◆ **Work item**: Reproduce the listing below from the line with "peter firneisz business card" to the line with "Rose Gold Piggy", both lines included, character for character, minus any pictures.

◆ **Input material**:
———

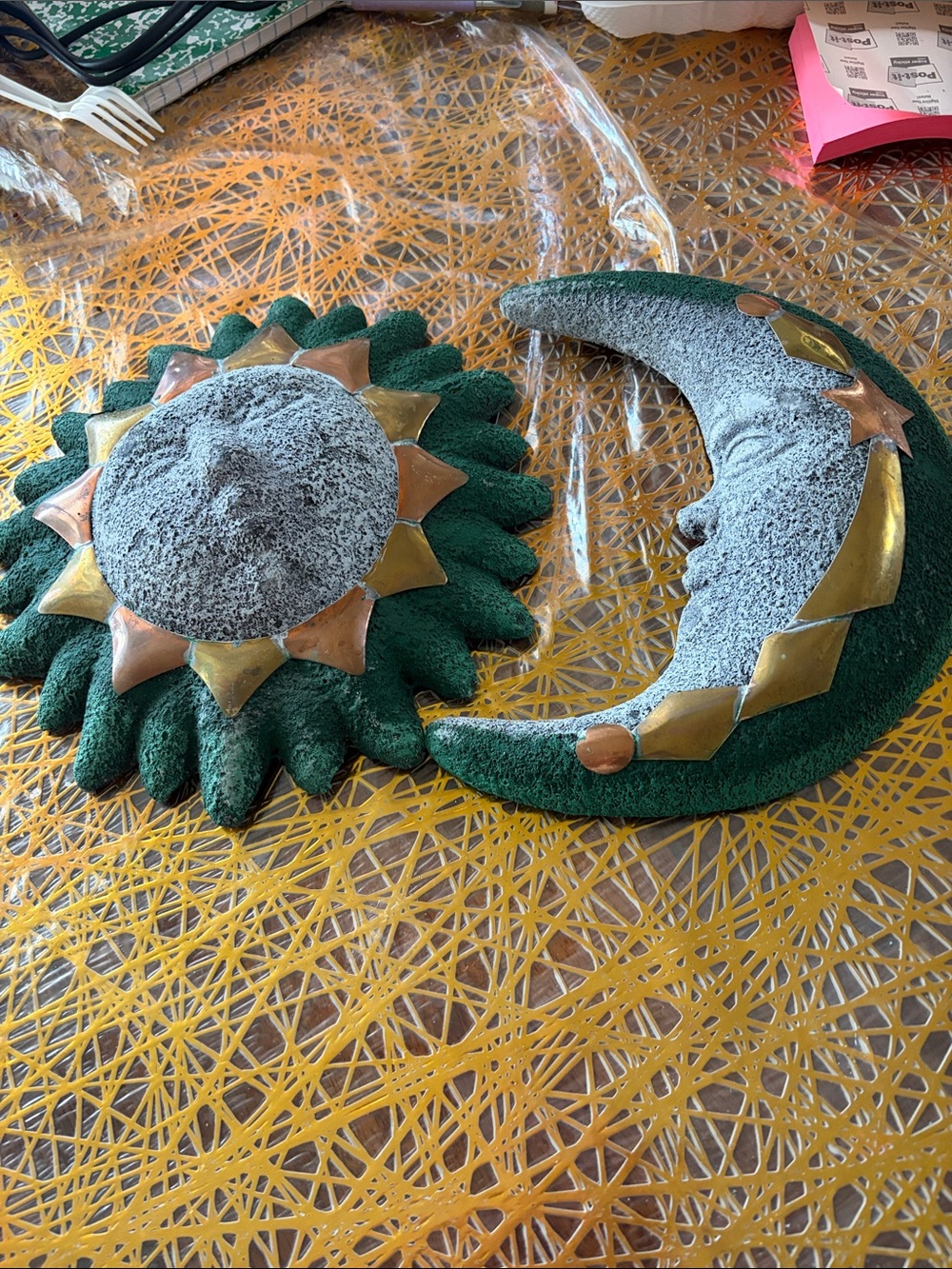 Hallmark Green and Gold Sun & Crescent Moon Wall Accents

———

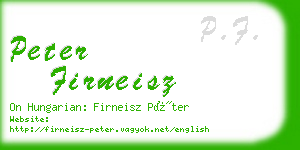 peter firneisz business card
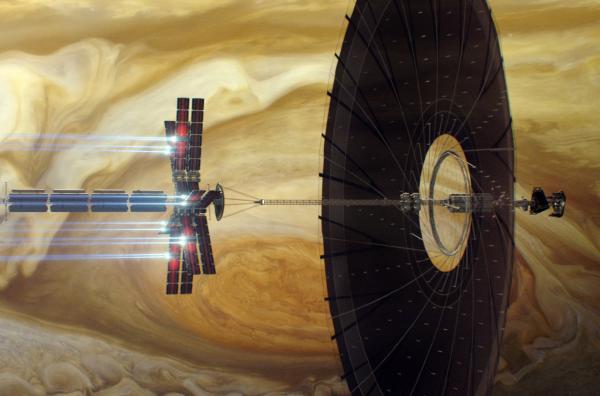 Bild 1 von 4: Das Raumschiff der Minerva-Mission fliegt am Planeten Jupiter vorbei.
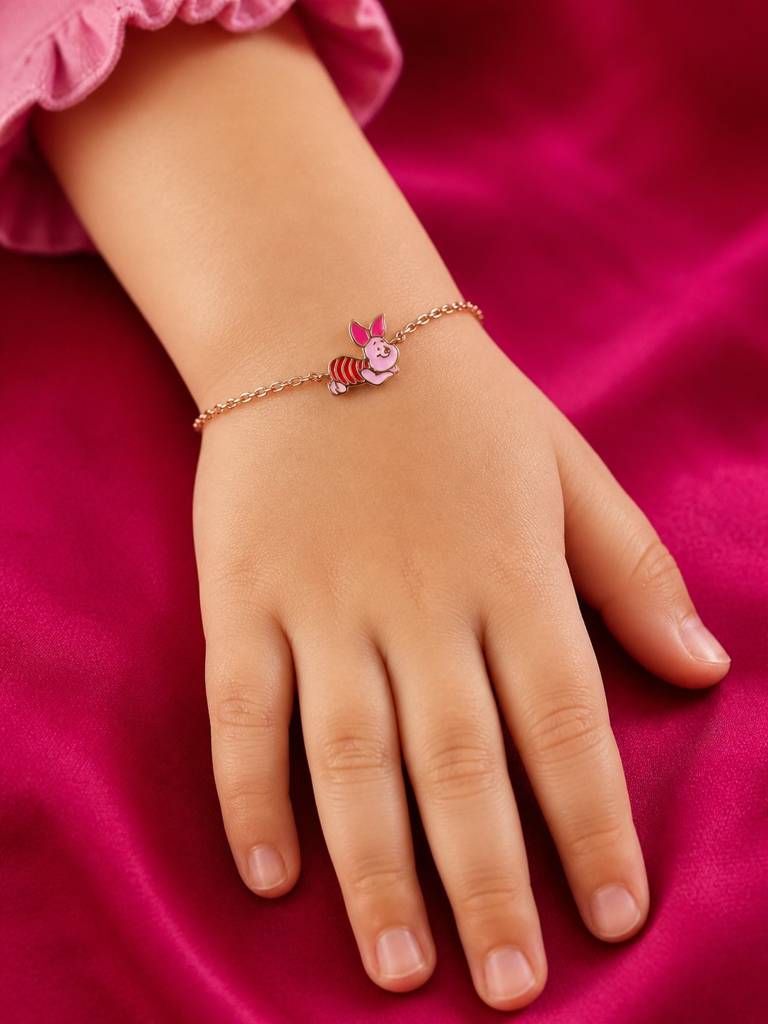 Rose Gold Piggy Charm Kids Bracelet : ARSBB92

———

◆ **Output of the task**:
 peter firneisz business card
 Bild 1 von 4: Das Raumschiff der Minerva-Mission fliegt am Planeten Jupiter vorbei.
 Rose Gold Piggy Charm Kids Bracelet : ARSBB92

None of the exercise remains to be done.